Moscow will view all these moves as another illustration of the continuing NATO interference in Ukraine. Russia has said that around 500 of its soldiers have been killed in action in the first week of fighting. The casualty figures among Ukrainian forces are expected to be much more, although the government in Kyiv has not given any figures as of early March.

As happens in wars, civilians are suffering the most. More than 1.3 million Ukrainians have left the country after 10 days of fighting. The United Nations Refugee Agency has warned that Europe will soon face “the largest refugee crisis in this century”.

Also read: Ukraine conflict forces E.U. refugee policy reversal

Ukrainian refugees are, however, being welcomed with open arms and provided with food and shelter by European countries. The E.U. has waived residency and other requirements for Ukrainians treating them almost on a par with other E.U. citizens. A different yardstick is being applied to non-European refugees from Ukraine, including Indian and African students fleeing the war in Ukraine.

African students said that Ukrainian soldiers hindered them from leaving the country. The African Union (A.U.) and the Nigerian President, Muhammadu Buhari, among others have condemned the treatment of Africans trying to flee Ukraine.

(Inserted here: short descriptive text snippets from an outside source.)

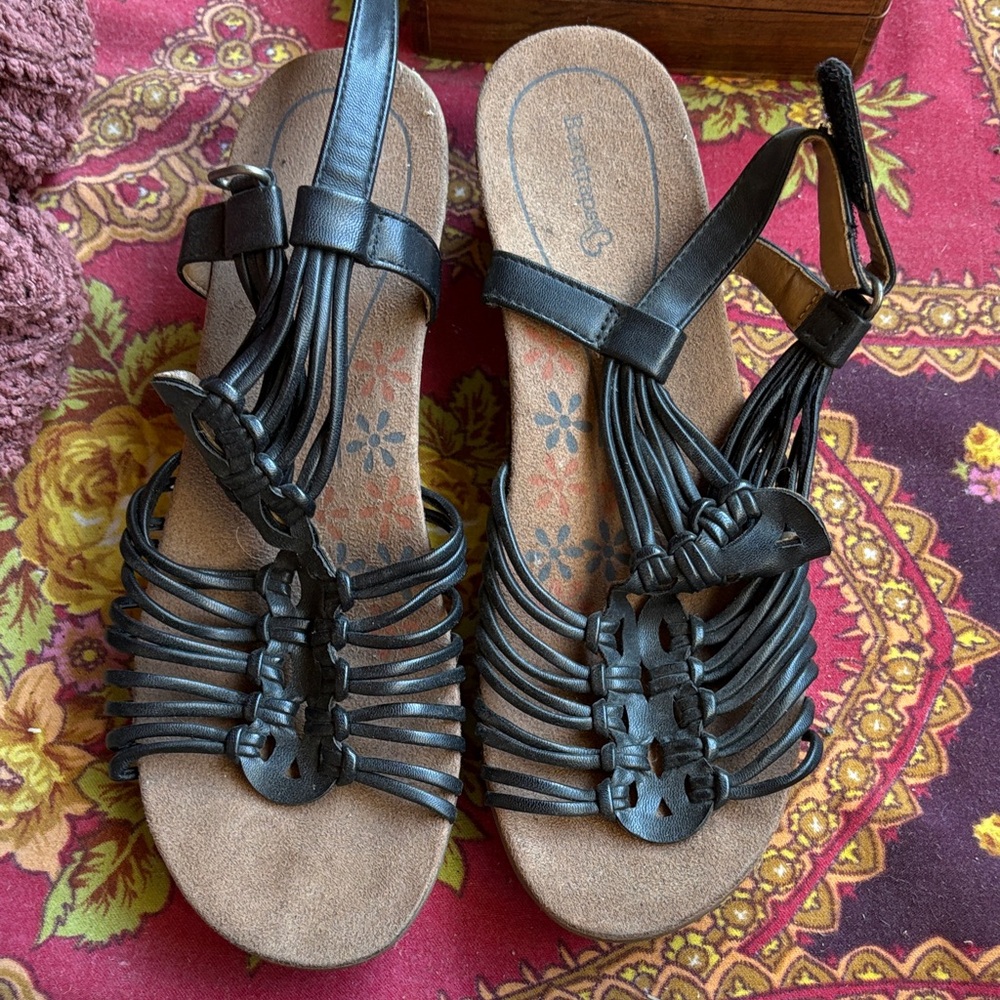 BareTraps Black Strappy Sandals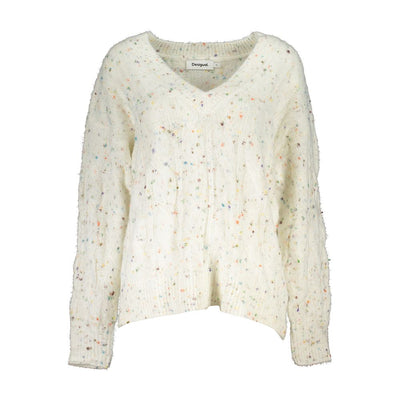 Desigual Chic Contrast V-hals Trui met Logo Detail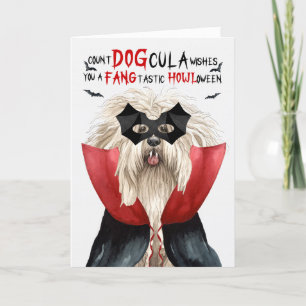 Puli Dog Funny Count DOGcula Halloween Holiday Card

Russia may have been ostracised by the West after the recent events but it is not isolated internationally. India and China have both abstained in crucial U.N. Security Council and General Assembly votes on Ukraine. Both countries have called for a peaceful resolution of the conflict and respect for the sovereignty of all nations. Ukraine wants China to play the role of a mediator in the current conflict. The Chinese Ambassador to the U.N. said that Ukraine was “a bridge between the East and the West” in Europe.

The Joe Biden administration put a lot of pressure on India to censure Russia at the U.N. As New Delhi declined to do the needful, there are signs that U.S.-India bilateral relations are in danger of fraying. Donald Lu, U.S. Assistant Secretary of State, speaking to a Senate subcommittee, a day after India’s third abstention on a vote on Ukraine at the U.N., said that New Delhi as a strong partner of Washington, should have taken into consideration “the extreme criticism” Russia had faced. He stressed that it was time for India “to further distance” itself from Russia. He told American lawmakers that India had already started acting on U.S. concerns by cancelling orders for MiG-29 fighter jets, helicopters and anti-tank missiles from Russia.

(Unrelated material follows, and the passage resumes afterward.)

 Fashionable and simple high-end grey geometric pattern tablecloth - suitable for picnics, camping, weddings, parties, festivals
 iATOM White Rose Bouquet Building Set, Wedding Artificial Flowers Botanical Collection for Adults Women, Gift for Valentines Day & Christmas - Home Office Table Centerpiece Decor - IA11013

Also read: E.U. prepares for millions of Ukrainian refugees

The State Department official did not rule out sanctions on India if it went ahead and imported the S-400 missile system from Russia. He said he did not want “to prejudge the decisions” of the U.S. President or “whether Russia’s invasion of Ukraine will bear on the issue”.

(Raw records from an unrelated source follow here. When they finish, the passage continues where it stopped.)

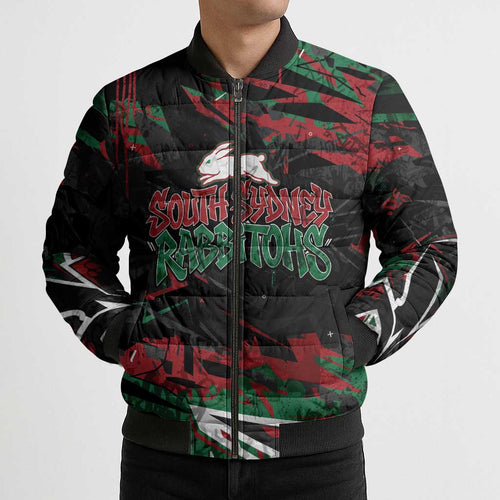 Personalized South Sydney Rabbitohs Bomber Puffer Jacket Graffiti Grunge Abstract Urban Street Style Design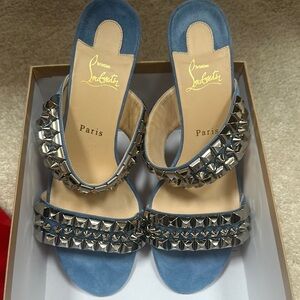 Christian Louboutin Blue Glamorous Sandals size 41 NWB 2 dust bags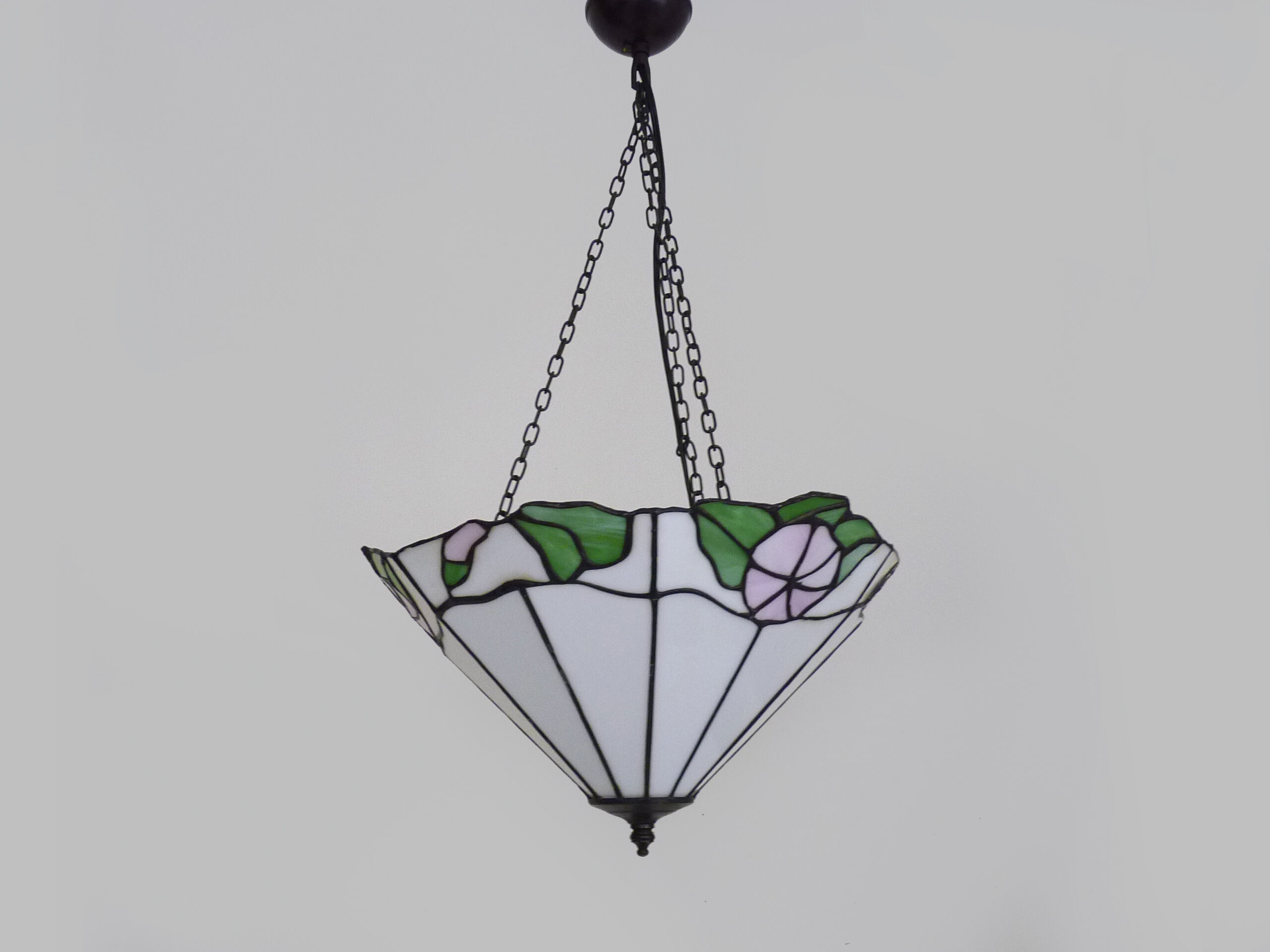 Tiffany washbasin pendant in glass paste with floral decoration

Countries in West Asia and Africa have refused to take sides. South Africa was among the 14 African nations that refused to join the West in condemning Russia in the General Assembly vote held in the first week of March. Many South Africans remember that the U.S. supported the apartheid regime almost until the bitter end. Lt Gen. Muhoozi Kainerugaba, the son of Ugandan President Yoweri Museveni, said in a tweet “that a majority of mankind (that are non-white) support Russia’s stand in Ukraine”.

In the Asia-Pacific region, only the U.S.’ long-standing military allies such as Japan, South Korea, Singapore and Australia have agreed to international sanctions against Russia. President Biden’s pledge of making Putin “a pariah on the international stage”, if current signs are any indications, will be a difficult goal to achieve. Mexico, the U.S.’ immediate neighbour, has refused to impose sanctions on Russia. “We are not going to take any sort of economic reprisal because we want to have good relations with all the governments in the world,” Mexico’s President Andres Manuel Lopez Obrador said. He also criticised the censorship of the Russian media by the West. Jair Bolsonaro, the right-wing President of Brazil, surprisingly, has refused to support Washington. On a visit to Moscow before the Russian military action in Ukraine, Bolsonaro said without elaborating that he “was in solidarity with Russia”. Brazil, like India, is a member of the BRICS (Brazil, Russia, India, China and South Africa) grouping of which Russia is a key member.